Provided entries —
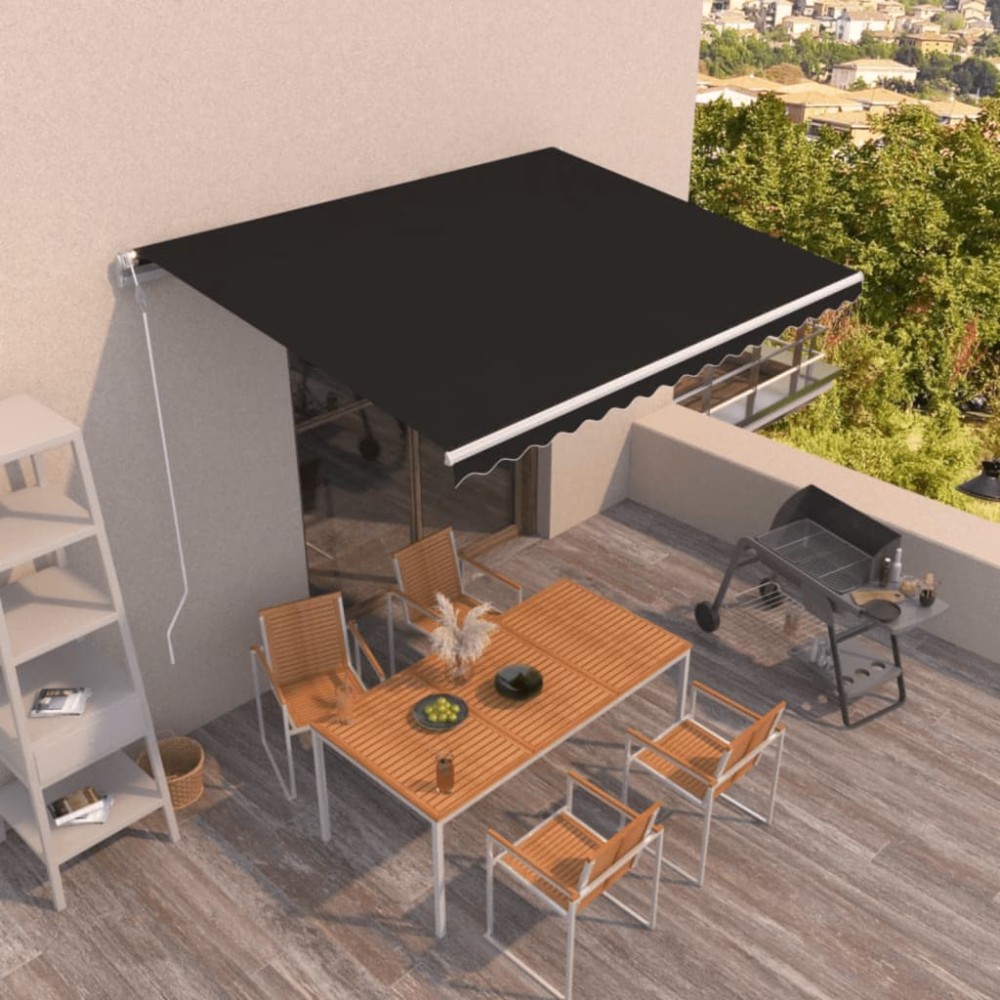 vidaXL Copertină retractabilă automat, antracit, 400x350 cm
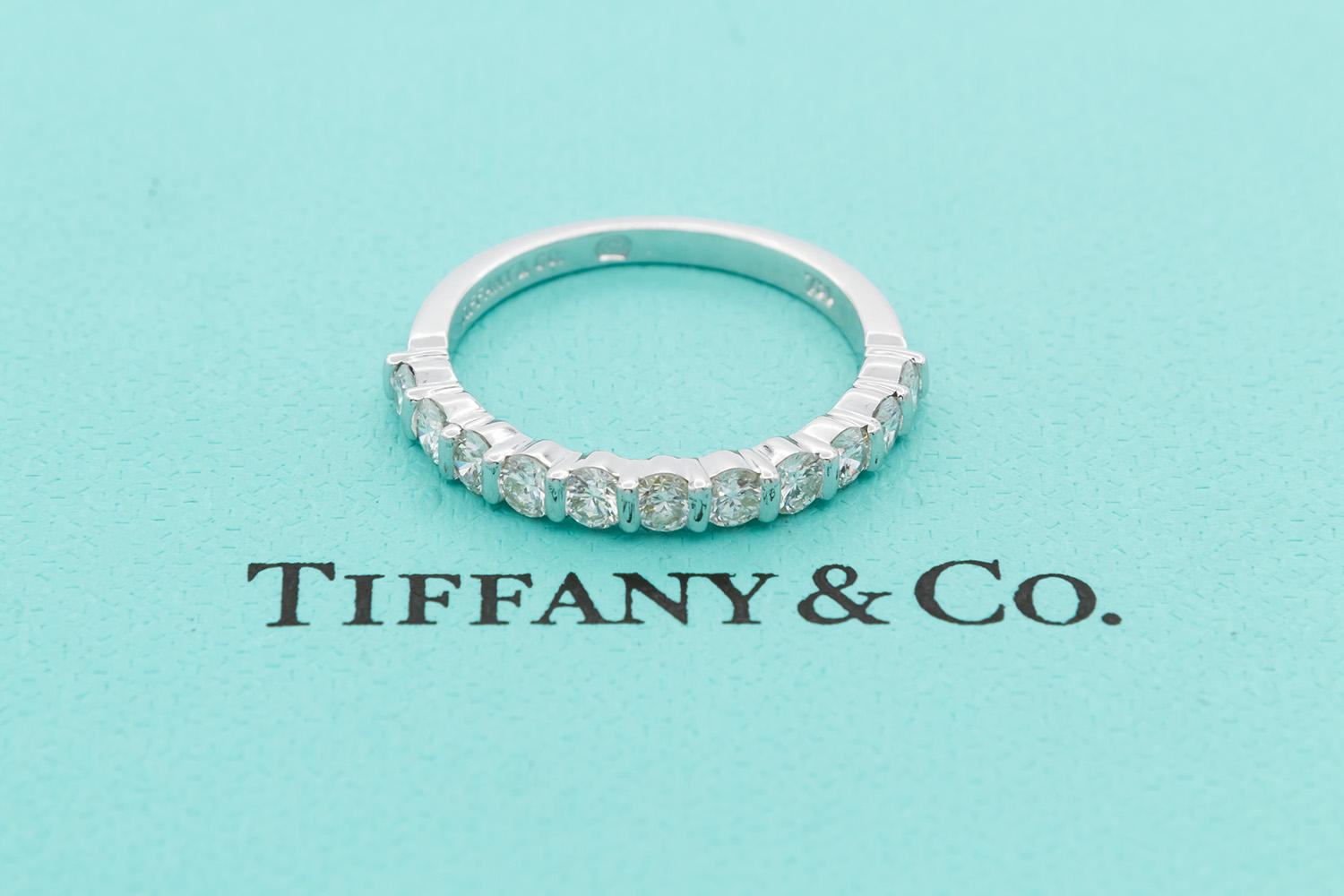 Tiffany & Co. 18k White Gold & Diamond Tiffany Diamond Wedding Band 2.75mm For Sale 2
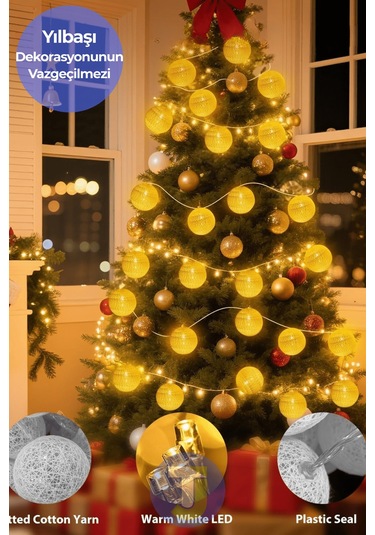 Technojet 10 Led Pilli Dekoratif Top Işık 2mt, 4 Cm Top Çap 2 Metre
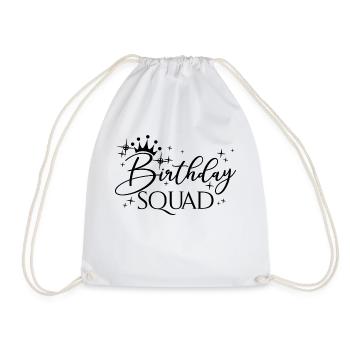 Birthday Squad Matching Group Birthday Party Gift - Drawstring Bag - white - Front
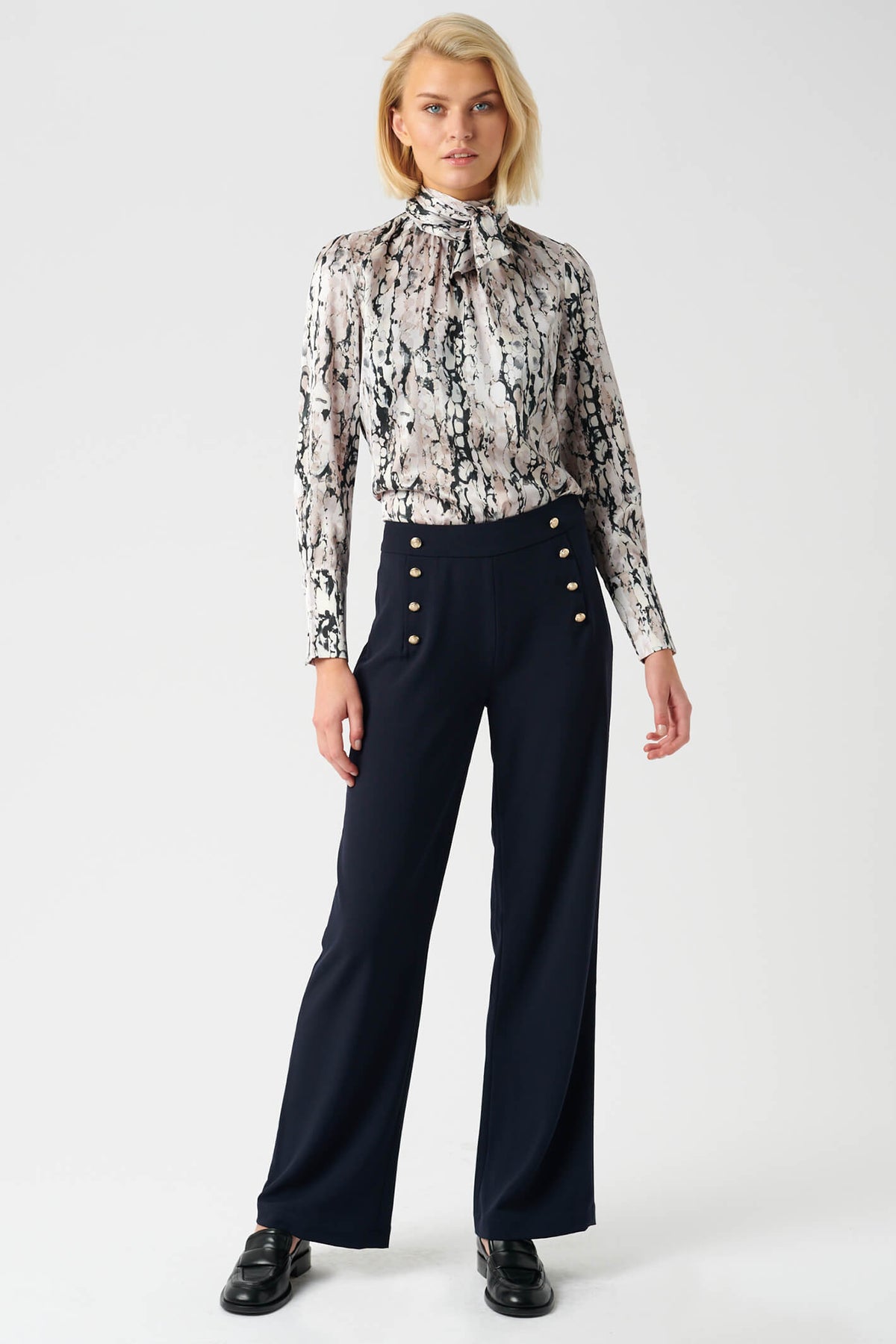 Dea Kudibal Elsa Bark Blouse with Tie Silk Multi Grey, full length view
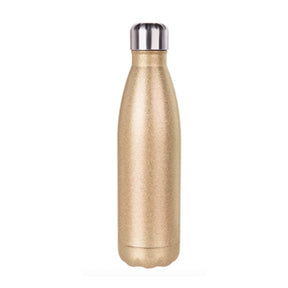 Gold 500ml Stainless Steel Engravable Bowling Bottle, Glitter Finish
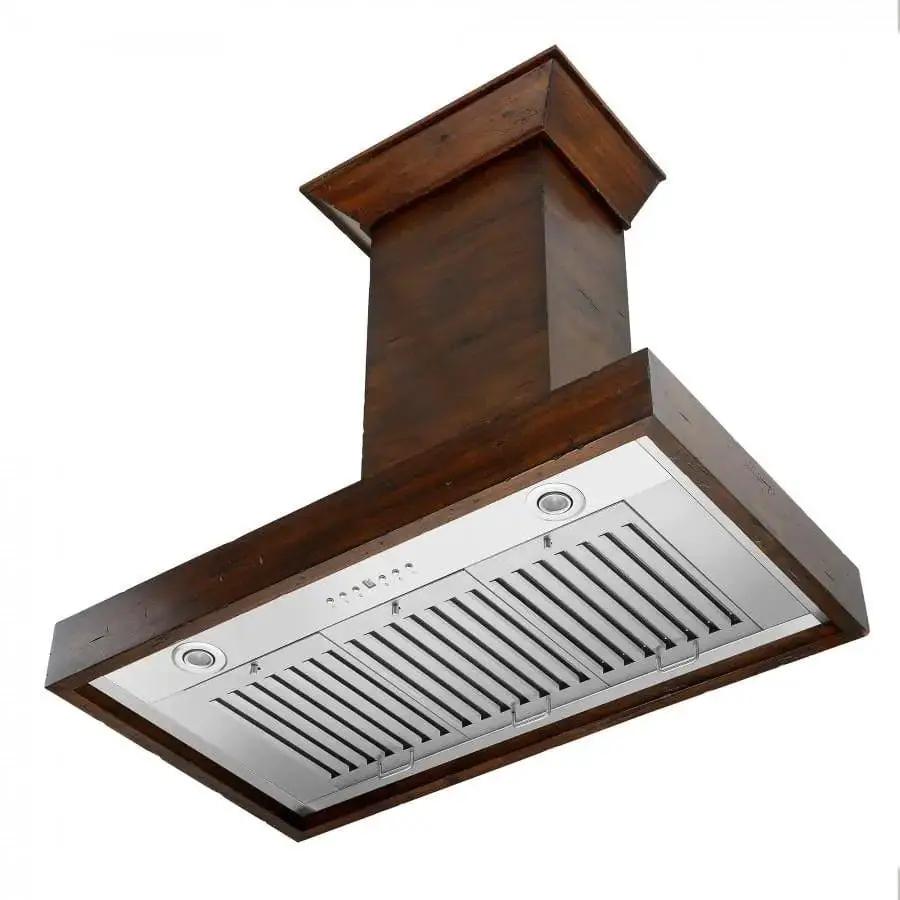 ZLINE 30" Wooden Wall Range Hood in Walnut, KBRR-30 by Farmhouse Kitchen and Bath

--

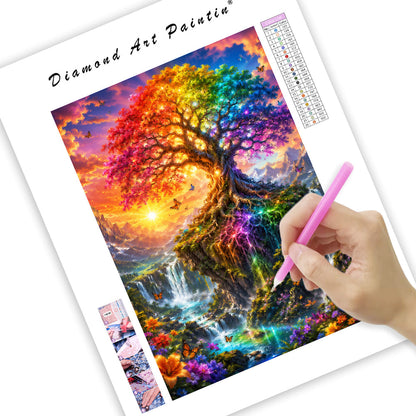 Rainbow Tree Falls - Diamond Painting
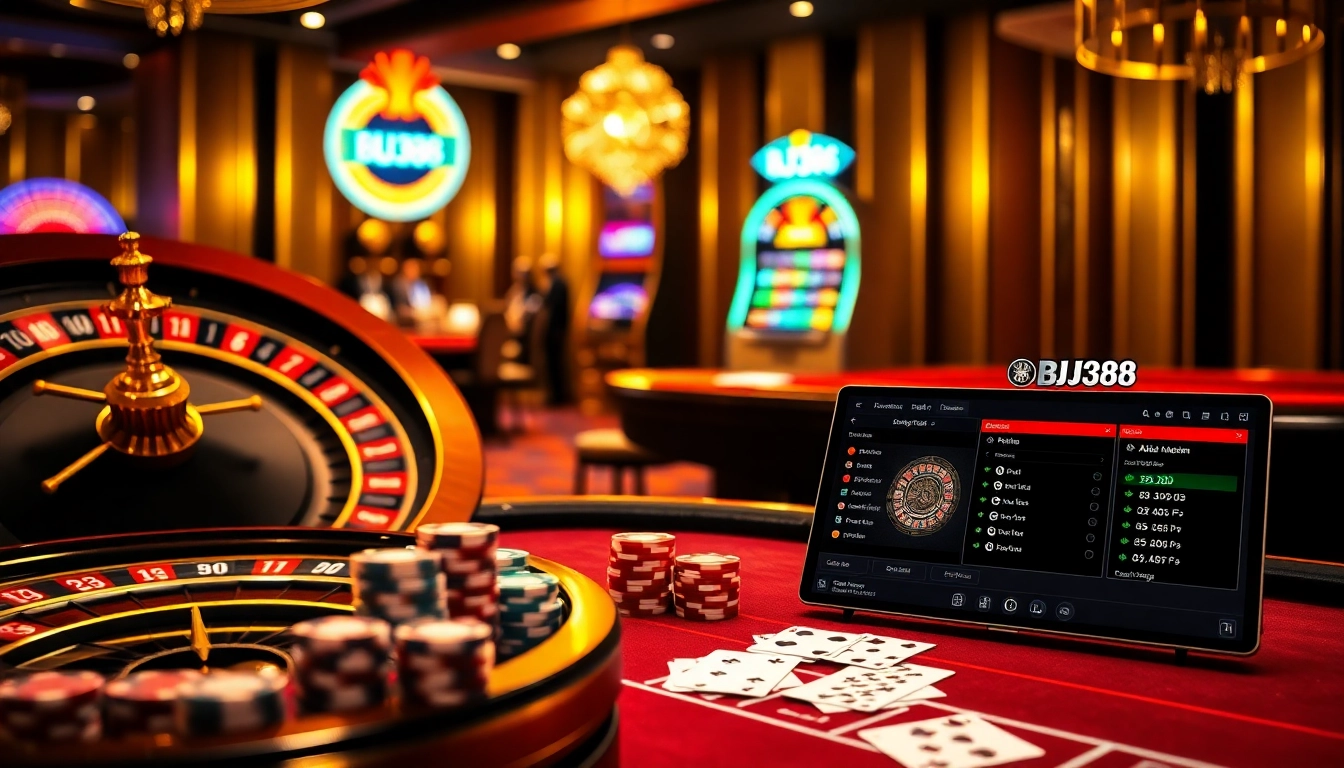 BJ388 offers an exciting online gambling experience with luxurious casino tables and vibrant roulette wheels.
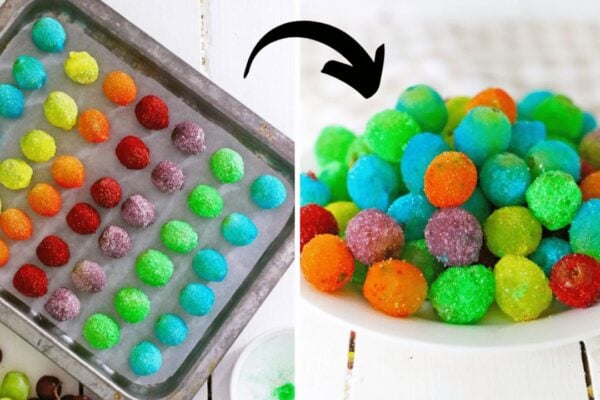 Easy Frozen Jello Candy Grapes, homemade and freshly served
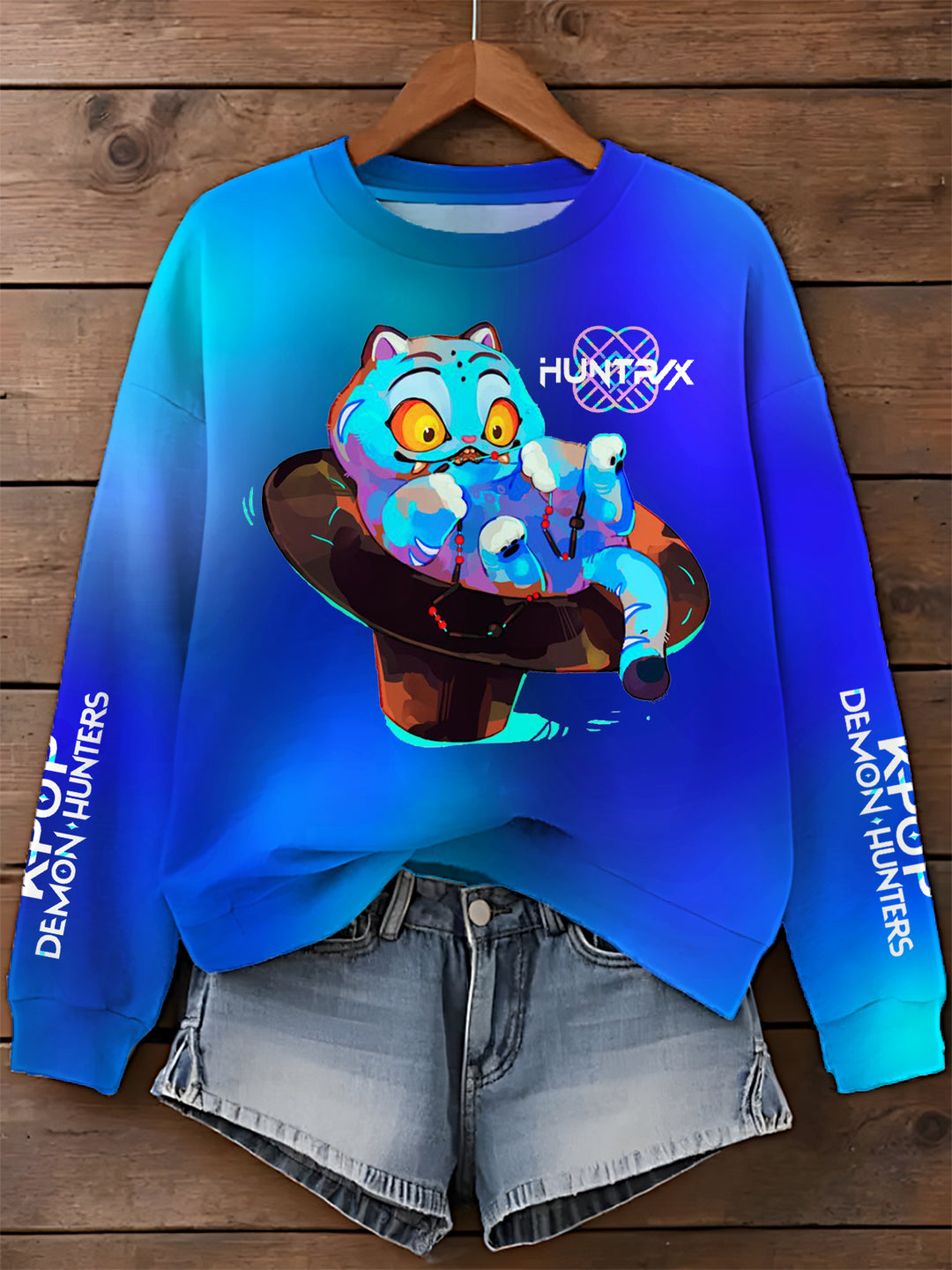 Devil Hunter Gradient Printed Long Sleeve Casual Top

What is required —
Could the stretch from the line with "vidaXL Copertină retractabilă" through the line with "Kitchen and Bath" in the listing above be restated word for word, minus the pictures?

Response to this task —
 vidaXL Copertină retractabilă automat, antracit, 400x350 cm
 Tiffany & Co. 18k White Gold & Diamond Tiffany Diamond Wedding Band 2.75mm For Sale 2
 Technojet 10 Led Pilli Dekoratif Top Işık 2mt, 4 Cm Top Çap 2 Metre
 Birthday Squad Matching Group Birthday Party Gift - Drawstring Bag - white - Front
 Dea Kudibal Elsa Bark Blouse with Tie Silk Multi Grey, full length view
 Gold 500ml Stainless Steel Engravable Bowling Bottle, Glitter Finish
 ZLINE 30" Wooden Wall Range Hood in Walnut, KBRR-30 by Farmhouse Kitchen and Bath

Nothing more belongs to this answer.